At the same time, I like to see humanity in music. When I’m listening to a song, I enjoy the riffs and the grooves and the choruses, but what I’m really looking for is a little window into the mind of the person or people that are making the music. My favorite albums, songs, and artists are usually the ones that make me feel like I know them when I listen to their music. With all this being said, I would say that Remedy Lane is the best album I’ve ever listened to, or at the very least, it’s the one I respect the most.
Also, it’s one of the most strange and uncomfortable things I’ve ever listened to. It just sounds dirty. Every instrument has this incredibly imperfect sound about it, as if they were purposely left and rusted just to be used on this album. I sometimes try to imagine the studio that this was recorded in. I picture a dust filled room with bars on the windows and mud caked all over the walls, the floor, and the ceiling. As if David Fincher built the studio with his bare hands. None of these descriptions are insults though. This dark and imperfect production is exactly what the album should be. This is a good example of how nothing is truly ‘correct’ when it comes to music. I consider Devin Townsend one of the best producers around, but his slick style would not do well on this album.
Another form of discomfort comes within the actual music. It’s not mathematical music, but it is fairly hard to keep track of. The notes which get accented are always in strange places, almost off the beat, as if the instruments are playing in a different time signature than the one the song is set to. That’s not to say it doesn’t all fit together. Amidst all the dissonance, there’s quite a few nice melodies. I would never call this type of music catchy, but it has its moments. As far as genres go, it’s hard to classify this one. I’ve heard it called metal a lot, and I suppose that covers its sonic offerings, but it still feels wrong.
None of that is really important though. While I don’t like putting a large amount of importance on lyrics, since most music does that all by itself, the vocals and lyrics are really where this album excels. The voice is not just a way to convey words in this music, which it does fine, it’s a fantastic extra layer of emotions and personality added on to almost every song.
The mastermind behind Pain of Salvation is Daniel Gildenlow. This man has a simply incredible voice. It goes insanely low and insanely high. It screams and it growls, while also being able to sooth and comfort. It’s also dripping with emotions, and always seems like one step away from breaking at any moment. Technically, I think it’s amazing, but the way it’s used to send out feeling is truly amazing. Somewhere between Trent Reznor and Geddy Lee, Gildenlow found an incredible sweet spot.

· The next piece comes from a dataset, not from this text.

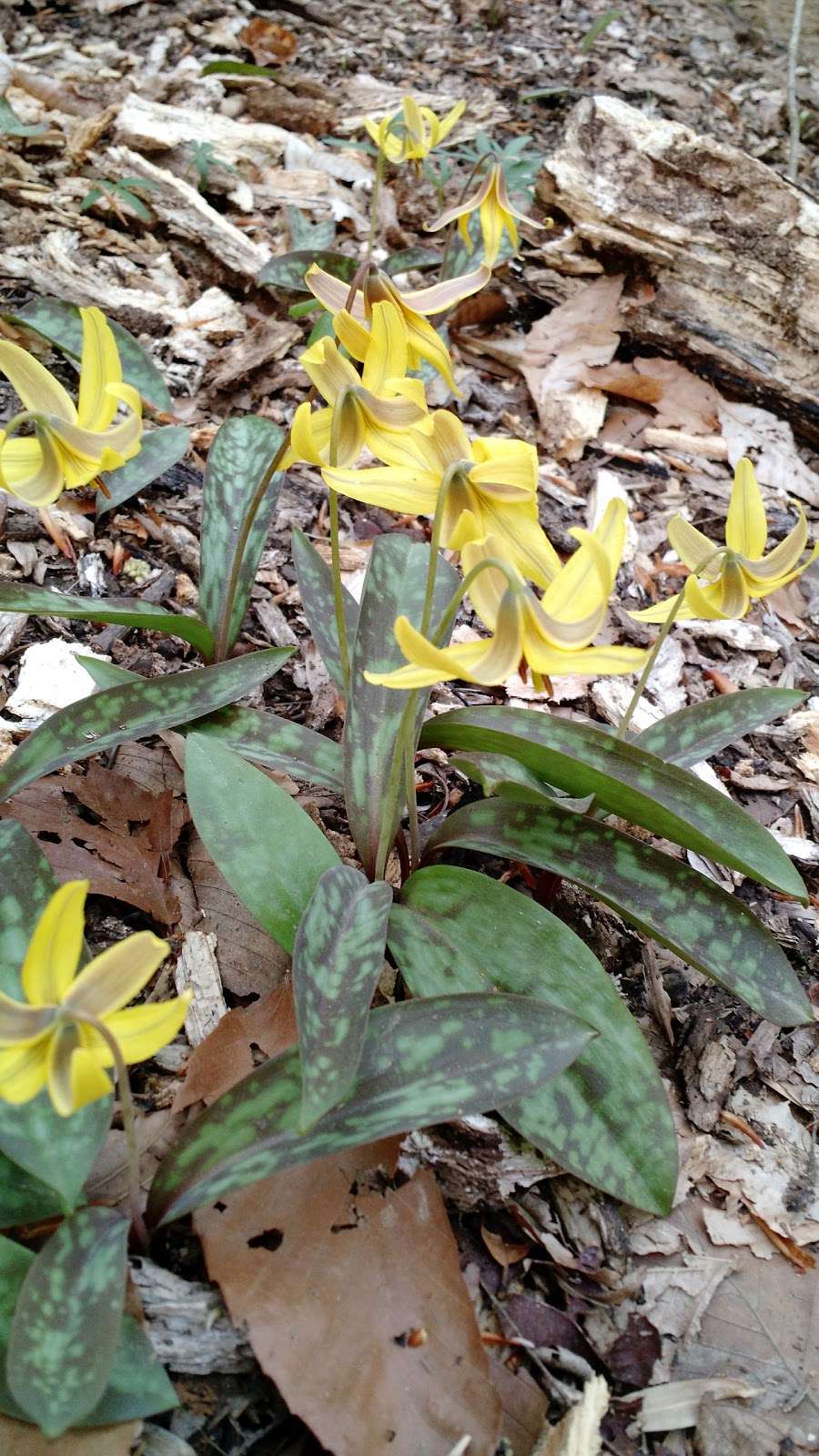 Langley Oaks Park in 6504 Bright Mountain Rd, McLean, VA 22101, USA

The lyrics. Everything about them is perfect. They are subtle, yet not distant. Emotional, yet not melodramatic. Plentiful, yet not overbearing. I have a tendency to overreact about these sorts of things, but I honestly feel that I can’t overstate how incredibly fucking brilliant these lyrics are. They give you just enough information about their meaning without being too literal. To me, that is a very important thing when it comes to lyrics. A great lyricist can tell a story without flat out saying, “This is how the story goes.”

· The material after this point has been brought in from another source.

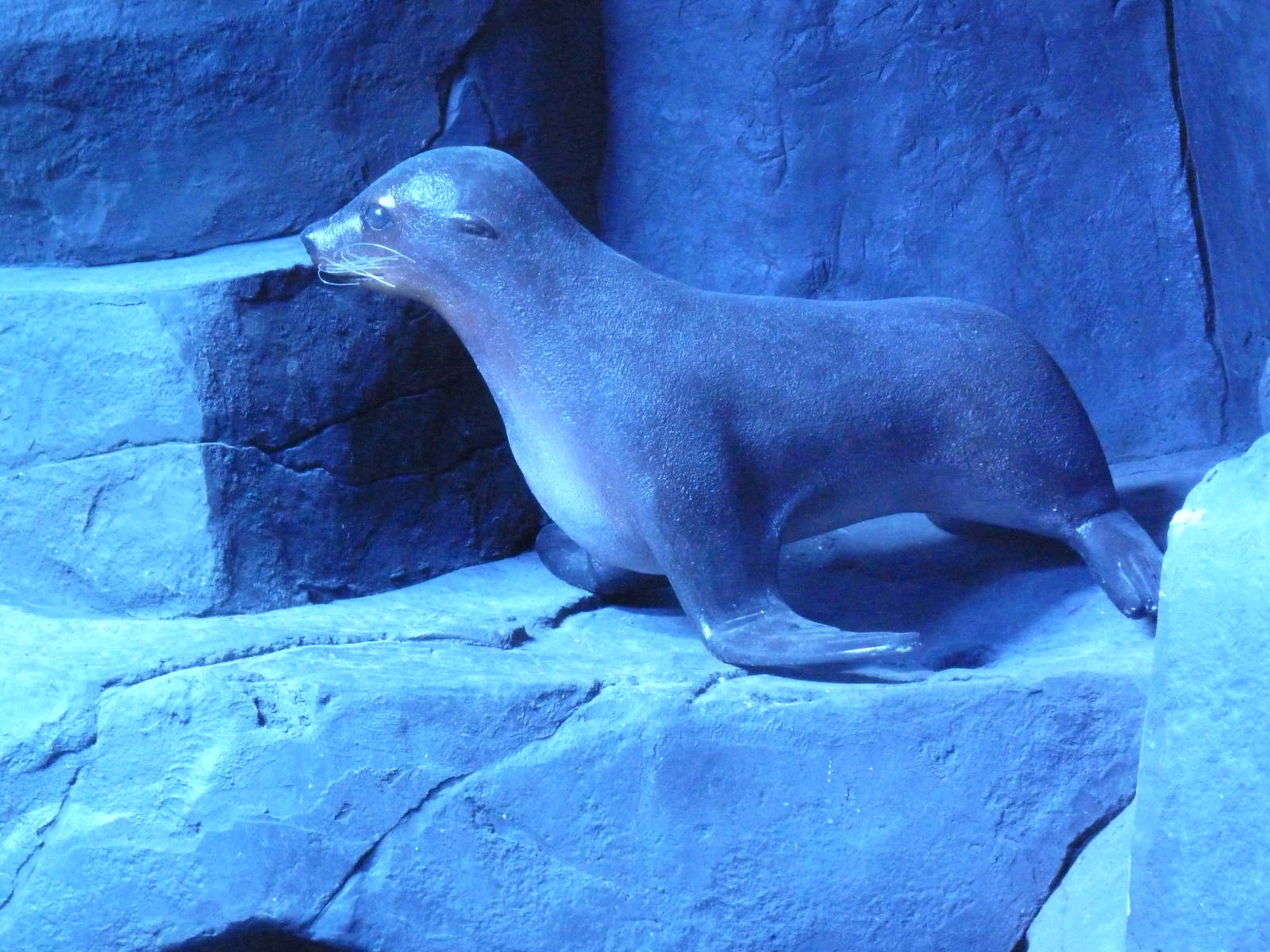 Seal Statue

The cusp of all of this comes to the subjects of the songs though. The album is a concept album, and as such, has a story from beginning to end. Each song is pretty self-contained though, and each deals with its own subject. In another review, I made a statement about how most music is about pretty relationship issues. This album certainly has its fair share of relationship issues, but it handles them in a much more mature and introspective way. The album’s title gives a good representation of the album’s story. A trip through events in an effort to find out what was wrong and heal; a remedy lane.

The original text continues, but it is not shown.